Two lines mark the range in the entries below: the one holding "TOYANDONA Bath Shower" and the one holding "Funki Buys |". Set down those two and all lines between them, exactly.

• _Excerpted data_:
● ● ● ● ● ● ●

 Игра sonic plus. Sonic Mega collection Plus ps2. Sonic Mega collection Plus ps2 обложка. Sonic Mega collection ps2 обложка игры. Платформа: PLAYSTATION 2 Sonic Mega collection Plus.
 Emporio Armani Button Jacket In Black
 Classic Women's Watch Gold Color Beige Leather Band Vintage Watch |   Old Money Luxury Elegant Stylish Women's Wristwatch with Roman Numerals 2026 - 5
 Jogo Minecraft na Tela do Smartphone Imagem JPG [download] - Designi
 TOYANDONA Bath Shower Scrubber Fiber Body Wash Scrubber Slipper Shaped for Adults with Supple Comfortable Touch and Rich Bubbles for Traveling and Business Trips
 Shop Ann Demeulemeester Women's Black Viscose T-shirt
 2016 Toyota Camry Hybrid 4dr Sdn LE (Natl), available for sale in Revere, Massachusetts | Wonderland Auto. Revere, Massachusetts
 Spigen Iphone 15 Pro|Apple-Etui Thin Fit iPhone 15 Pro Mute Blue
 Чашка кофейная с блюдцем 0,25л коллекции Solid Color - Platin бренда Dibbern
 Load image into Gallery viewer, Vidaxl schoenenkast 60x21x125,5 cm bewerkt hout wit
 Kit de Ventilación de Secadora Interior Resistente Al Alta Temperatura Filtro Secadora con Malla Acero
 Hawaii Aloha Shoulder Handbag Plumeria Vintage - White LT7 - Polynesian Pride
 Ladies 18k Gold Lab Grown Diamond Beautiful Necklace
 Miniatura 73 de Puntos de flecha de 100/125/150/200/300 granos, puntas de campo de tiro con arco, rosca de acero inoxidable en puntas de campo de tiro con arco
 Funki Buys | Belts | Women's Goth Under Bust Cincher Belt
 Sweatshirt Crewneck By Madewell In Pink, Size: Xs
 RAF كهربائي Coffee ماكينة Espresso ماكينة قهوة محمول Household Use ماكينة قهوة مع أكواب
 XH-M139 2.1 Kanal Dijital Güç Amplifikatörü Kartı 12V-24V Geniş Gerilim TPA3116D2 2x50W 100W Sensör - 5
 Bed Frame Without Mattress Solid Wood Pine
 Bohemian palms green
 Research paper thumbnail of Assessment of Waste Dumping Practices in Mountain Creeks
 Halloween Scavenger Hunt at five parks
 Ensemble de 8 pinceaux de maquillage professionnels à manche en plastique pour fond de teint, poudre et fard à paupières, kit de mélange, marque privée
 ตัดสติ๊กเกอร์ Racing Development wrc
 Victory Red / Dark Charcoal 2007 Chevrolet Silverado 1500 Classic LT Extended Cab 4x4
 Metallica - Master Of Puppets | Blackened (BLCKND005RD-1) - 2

● ● ● ● ● ● ●

• _Solution for this task_:
 TOYANDONA Bath Shower Scrubber Fiber Body Wash Scrubber Slipper Shaped for Adults with Supple Comfortable Touch and Rich Bubbles for Traveling and Business Trips
 Shop Ann Demeulemeester Women's Black Viscose T-shirt
 2016 Toyota Camry Hybrid 4dr Sdn LE (Natl), available for sale in Revere, Massachusetts | Wonderland Auto. Revere, Massachusetts
 Spigen Iphone 15 Pro|Apple-Etui Thin Fit iPhone 15 Pro Mute Blue
 Чашка кофейная с блюдцем 0,25л коллекции Solid Color - Platin бренда Dibbern
 Load image into Gallery viewer, Vidaxl schoenenkast 60x21x125,5 cm bewerkt hout wit
 Kit de Ventilación de Secadora Interior Resistente Al Alta Temperatura Filtro Secadora con Malla Acero
 Hawaii Aloha Shoulder Handbag Plumeria Vintage - White LT7 - Polynesian Pride
 Ladies 18k Gold Lab Grown Diamond Beautiful Necklace
 Miniatura 73 de Puntos de flecha de 100/125/150/200/300 granos, puntas de campo de tiro con arco, rosca de acero inoxidable en puntas de campo de tiro con arco
 Funki Buys | Belts | Women's Goth Under Bust Cincher Belt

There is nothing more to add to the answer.